You are here

Lustre File System

The Lustre system (a distributed file system) spans multiple file servers, called Object Storage Servers (OSS), while presenting a single flat namespace as if it were a single server.  File system directory information is held in a Meta Data Server (MDS), which at JLab is implemented as a dual headed system with the two servers sharing a SAS disk array. One of the two heads is active and the other inactive, and they implement a hot failover in case the primary server fails.

All of the current OSS nodes are Supermicro disk servers connected to both the Infiniband fabric (high bandwidth) and Ethernet (low bandwidth), and having internal disks and a RAID or JBOD controller.  Most of these servers are configured as active-active pairs each serving half of the disks in 2 chassis, with the possibility of an operator requested failover if one of the two servers stops working. (Automatic failover is not well supported in our current version of Lustre.)

All user files are held in RAID-6 (or ZFS-r2) mostly 8+2 sets (some larger) called Object Storage Targets (OST), which means data remains protected if any disk fails and has no loss of data if any 2 disks fail.

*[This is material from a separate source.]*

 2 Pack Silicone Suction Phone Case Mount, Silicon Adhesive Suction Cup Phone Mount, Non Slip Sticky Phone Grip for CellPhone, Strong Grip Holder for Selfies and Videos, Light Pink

Older OSS have either 2 or 3 RAID sets per OSS.  The new servers will have 4 OST per OSS, using 2 JBOD controllers, 2 per controller.

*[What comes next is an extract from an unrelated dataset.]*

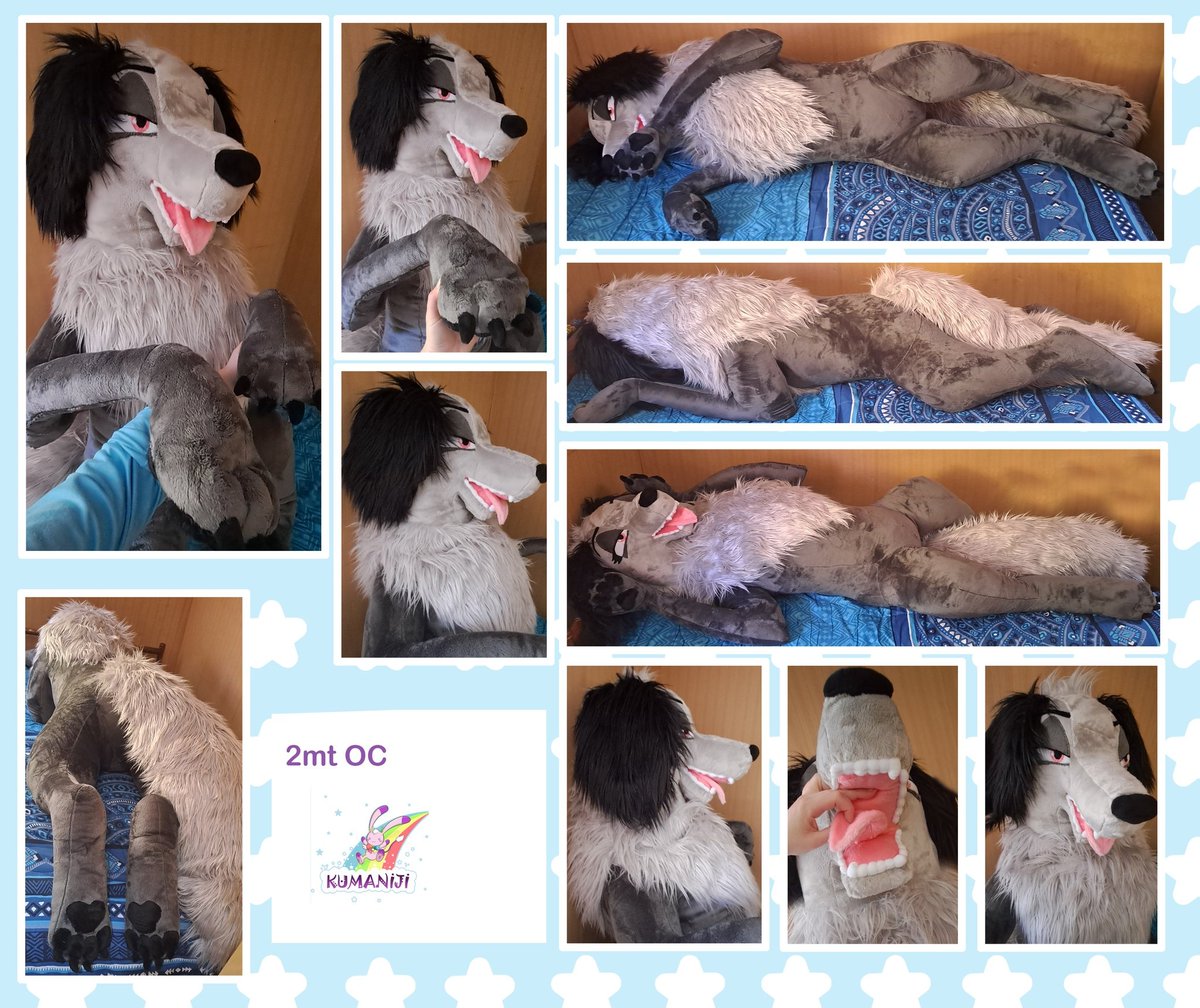 Custom giant plush in 2mt long Handsew details 💙 made in minky + fur  fabric Character Candice owned by Feral Frenzy giantplush bigplushie  dogplushie giantdog furryplush furry feralfrenzy candice  handmadeplush customplush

Each RAID or ZFS stripe is an OST (Object Storage Target).  The system disk and the Lustre journal disk are mirrored.  To avoid fragmentation, disks are kept < 85% full (target is 80%). 

Current generations include:

  • 4 nodes: Dual 2.2 GHz 6 core Broadwell CPU, 40 10TB drives, 285 TB target / node
  • 4 nodes: Dual 2.2 GHz 10 core Broadwell CPU, 40 8TB drives, 215 TB target / node
  • 2 nodes: Dual 2.6 GHz 6 core Broadwell CPU, 40 8TB drives, 215 TB target / node
  • 4 nodes: Dual 2.6 GHz 6 core IvyBridge CPU, 36 4TB drives, 96 TB target / node
  •  

Lustre holds 4 "file systems", partitions in the Lustre namespace with differing management policies:

  • /cache for LQCD/HPC, a read/write cache with MSS tape as a backing store
  • /volatile for LQCD/HPC, large scratch space
  • /cache for Experimental Physics, a read/write cache with MSS tape as backing store
  • /volatile for Experimental Physics, large scratch space

In addition, Lustre holds system file areas for staging data to be written to tape.

Lustre Performance

https://lqcd.jlab.org/lqcd/general/lustre.jsf

Lustre performs best as a file system for large sequential I/O. For other workloads, especially small file and random I/O loads in the batch farm,  copy data to the local compute node's scratch disk via Auger, process the data from the local disk, then move the output back to the Lustre filesystem.  Do not read and process files directly from /cache or /volatile unless you are reading in chunks of 4MB or greater -- many thousands of jobs accessing multiple files and directories at the same time causes disk head thrashing and degrades the filesystem performance for all Lustre users.

Lustre System Status

https://lqcd.jlab.org/ganglia/?m=cpu_wio&r=day&s=by%2520name&c=Disk+Serv...

Lustre File Striping

Lustre is capable of striping files across OSTs (Object Storage Targets); the default setting is not to stripe files.  For users with large files where higher single file bandwidth would be helpful, a directory may be set to have files in that directory default to multi-OST striping; stripes of 2 or 4 would be most useful for file sizes of 10-100 GB.   This should only be used for applications capable of reading or writing at > 500 MB/s.  If you intend to run many copies of an application at once, striping should NOT be used or total performance will in fact decrease due to increased head thrashing.

To see striping information, use the lfs getstripe command for a file, directory, or filesystem; to configure, use lfs setstripe  Parameters include stripe size, count, and offset index from the first OST. For example, the command setstripe -s 2M  -c 4  -i -1 mydir would set all files in the directory to 2 megabyte stripes over 4 OSTs; an index offset of -1 will use all available OSTs. 

Lustre lfs Command

https://build.hpdd.intel.com/job/lustre-manual/lastSuccessfulBuild/artif...

The Lustre filesystem command lfs has several useful equivalents of oft-used Linux commands, that are faster than their counterparts and avoid hangs if parts of the Lustre filesystem are unavailable:

> lfs df -hl
   to get information about disks full

> lfs df -h -p lustre2.production
   to get information about disks full in the production pool

>lfs quota -gh halld /lustre
   to get quota information in a human readable format

> lfs find

> lfs ls

Problematic Lustre files - unlink command

Infrequently, a file in Lustre is problematic if there is an issue with the underlying storage.  In this case, a file may appear with ???? , or report "Transport endpoint failure" or permission denied error.  In this case, if the file cannot be accessed permantently, the unlink command can be used to remove the file, thus allowing jcache or jget to retrieve it from tape if it exists there, or to be recreated.